Copyright © 2002 The Protein Society

Genetic analysis of response regulator activation in bacterial chemotaxis suggests an intermolecular mechanism

Sandra Da Re, Tatiana Tolstykh, Peter M. Wolanin and Jeffry B. Stock

Department of Molecular Biology, Princeton University, Princeton, New Jersey 08544, USA

Reprint requests to: Jeffry Stock, Department of Molecular Biology, Princeton University, Princeton, NJ 08544; e-mail: jstock{at}princeton.edu; fax: (609) 258-6175.

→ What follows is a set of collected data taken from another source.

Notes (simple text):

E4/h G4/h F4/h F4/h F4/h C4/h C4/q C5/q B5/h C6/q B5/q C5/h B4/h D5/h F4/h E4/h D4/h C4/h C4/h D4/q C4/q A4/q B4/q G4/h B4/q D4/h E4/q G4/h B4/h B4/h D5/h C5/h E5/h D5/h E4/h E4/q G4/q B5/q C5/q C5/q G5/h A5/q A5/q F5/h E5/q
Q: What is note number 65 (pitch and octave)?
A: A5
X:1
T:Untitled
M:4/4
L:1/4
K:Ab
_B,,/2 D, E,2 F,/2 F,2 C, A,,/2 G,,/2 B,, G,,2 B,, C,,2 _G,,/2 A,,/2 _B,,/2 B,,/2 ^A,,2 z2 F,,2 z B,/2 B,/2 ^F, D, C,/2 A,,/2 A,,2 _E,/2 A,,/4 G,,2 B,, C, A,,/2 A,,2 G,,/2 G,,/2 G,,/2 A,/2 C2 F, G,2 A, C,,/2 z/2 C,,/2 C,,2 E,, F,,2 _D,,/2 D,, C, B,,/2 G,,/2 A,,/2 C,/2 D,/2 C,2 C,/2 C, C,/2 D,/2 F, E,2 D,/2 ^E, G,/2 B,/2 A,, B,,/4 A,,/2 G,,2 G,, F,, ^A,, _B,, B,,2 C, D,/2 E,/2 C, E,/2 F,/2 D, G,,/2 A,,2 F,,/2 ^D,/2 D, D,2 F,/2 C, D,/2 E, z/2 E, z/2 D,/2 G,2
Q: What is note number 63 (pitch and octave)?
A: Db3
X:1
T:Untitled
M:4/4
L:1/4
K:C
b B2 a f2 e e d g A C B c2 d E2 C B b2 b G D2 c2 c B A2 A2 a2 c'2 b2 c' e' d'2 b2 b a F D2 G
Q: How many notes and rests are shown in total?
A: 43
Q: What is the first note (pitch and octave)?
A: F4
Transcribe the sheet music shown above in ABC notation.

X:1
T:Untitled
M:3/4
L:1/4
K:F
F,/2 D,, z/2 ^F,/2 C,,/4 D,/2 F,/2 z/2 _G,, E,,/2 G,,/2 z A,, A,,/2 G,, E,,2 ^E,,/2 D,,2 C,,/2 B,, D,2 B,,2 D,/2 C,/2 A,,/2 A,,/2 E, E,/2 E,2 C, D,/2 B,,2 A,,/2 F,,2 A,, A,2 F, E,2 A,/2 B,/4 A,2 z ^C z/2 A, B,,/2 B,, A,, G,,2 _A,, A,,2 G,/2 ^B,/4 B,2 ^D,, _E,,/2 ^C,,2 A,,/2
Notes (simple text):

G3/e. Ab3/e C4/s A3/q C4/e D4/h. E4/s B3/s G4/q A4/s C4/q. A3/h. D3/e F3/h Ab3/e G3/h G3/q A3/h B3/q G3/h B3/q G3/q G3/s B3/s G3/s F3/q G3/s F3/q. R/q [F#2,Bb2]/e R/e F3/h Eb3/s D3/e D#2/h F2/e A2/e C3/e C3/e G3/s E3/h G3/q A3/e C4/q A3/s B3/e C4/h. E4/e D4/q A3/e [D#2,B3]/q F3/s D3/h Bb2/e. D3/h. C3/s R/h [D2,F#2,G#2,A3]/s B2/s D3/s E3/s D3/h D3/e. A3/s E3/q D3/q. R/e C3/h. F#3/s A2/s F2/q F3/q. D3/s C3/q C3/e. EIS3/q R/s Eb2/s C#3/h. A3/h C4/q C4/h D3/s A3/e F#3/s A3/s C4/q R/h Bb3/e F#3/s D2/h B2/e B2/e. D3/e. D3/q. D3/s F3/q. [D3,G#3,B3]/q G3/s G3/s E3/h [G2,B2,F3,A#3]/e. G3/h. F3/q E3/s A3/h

Response regulator proteins of two-component systems are usually activated by phosphorylation. The phosphorylated response regulator protein CheY~P mediates the chemotaxis response in Escherichia coli. We performed random mutagenesis and selected CheY mutants that are constitutively active in the absence of phosphorylation. Although a single amino acid substitution can lead to constitutive activation, no single DNA base change can effect such a transition. Numerous different sets of mutations that activate in synergy were selected in several different combinations. These mutations were all located on the side of CheY defined by {alpha}4, ß5, {alpha}5, and {alpha}1. Our findings argue against the two-state hypothesis for response regulator activation. We propose an alternative intermolecular mechanism that involves a dynamic interplay between response regulators and their effector targets.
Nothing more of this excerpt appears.